Last week I noticed two small charges on my Chase MasterCard bill which didn’t look right. Sure enough, they were “pond scum” charges: Internet sites that trick you into a subscription, hoping to charge thousands of people a small sum for months until they catch on. (My wife sent someone a greeting card and now was charged $3.99 a month for the “benefit” do doing it again whenever she pleased.
The Chase system was awful. Dozens of prompts intended to prevent you from finding a living person. Then two people in succession who believed the priority was to get me off the line and have someone else deal with me. Neither had the inclination (or empowerment) to try to help, and when the second one put me on hold for the fraud protection unit, I waited five minutes and hung up.
I called the offenders myself, arranged to cancel the charges, cut my Chase card in two, and composed a letter to the president of Chase. I had been a customer for 25 years with a spotless record. It was over, I was happy.

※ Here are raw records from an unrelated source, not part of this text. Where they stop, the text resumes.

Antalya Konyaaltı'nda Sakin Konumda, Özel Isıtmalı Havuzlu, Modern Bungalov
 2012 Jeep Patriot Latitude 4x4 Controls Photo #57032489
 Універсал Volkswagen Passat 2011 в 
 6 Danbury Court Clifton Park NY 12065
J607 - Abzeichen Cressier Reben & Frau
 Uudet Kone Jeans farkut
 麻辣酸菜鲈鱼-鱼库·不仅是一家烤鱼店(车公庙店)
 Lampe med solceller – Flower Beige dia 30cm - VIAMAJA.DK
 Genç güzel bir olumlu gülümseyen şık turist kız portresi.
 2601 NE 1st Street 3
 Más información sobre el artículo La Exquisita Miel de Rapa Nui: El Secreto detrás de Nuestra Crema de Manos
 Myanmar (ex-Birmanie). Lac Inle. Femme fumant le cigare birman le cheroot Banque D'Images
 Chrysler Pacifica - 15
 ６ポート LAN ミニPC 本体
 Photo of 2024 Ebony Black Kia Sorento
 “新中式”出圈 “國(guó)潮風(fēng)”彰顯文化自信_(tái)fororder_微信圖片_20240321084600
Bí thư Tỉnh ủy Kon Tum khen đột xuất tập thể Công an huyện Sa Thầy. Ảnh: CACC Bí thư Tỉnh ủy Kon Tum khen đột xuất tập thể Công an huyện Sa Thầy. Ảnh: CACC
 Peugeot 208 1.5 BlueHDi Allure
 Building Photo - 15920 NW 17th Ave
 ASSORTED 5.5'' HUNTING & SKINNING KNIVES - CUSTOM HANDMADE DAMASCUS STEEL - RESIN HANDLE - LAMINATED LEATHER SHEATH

This morning—Saturday morning—a woman called from fraud protection, told me she had listened to my conversations before I was “disconnected” and told me I was handled abominably. She said she would personally monitor my account and alert me to any future suspicious charges, and would take the recordings to management so that front line personnel could be better selected and trained. “I want to apologize for them, for myself, and for all of us here at Chase,” she said three times.
“Is there anything else at all I can do for you?” she asked.
“Well, you’d better send me a new card since I cut the old one in half,” I mumbled.
“I’ll get it out immediately,” she promised.
Credit where credit is due (no pun intended). That’s customer retention.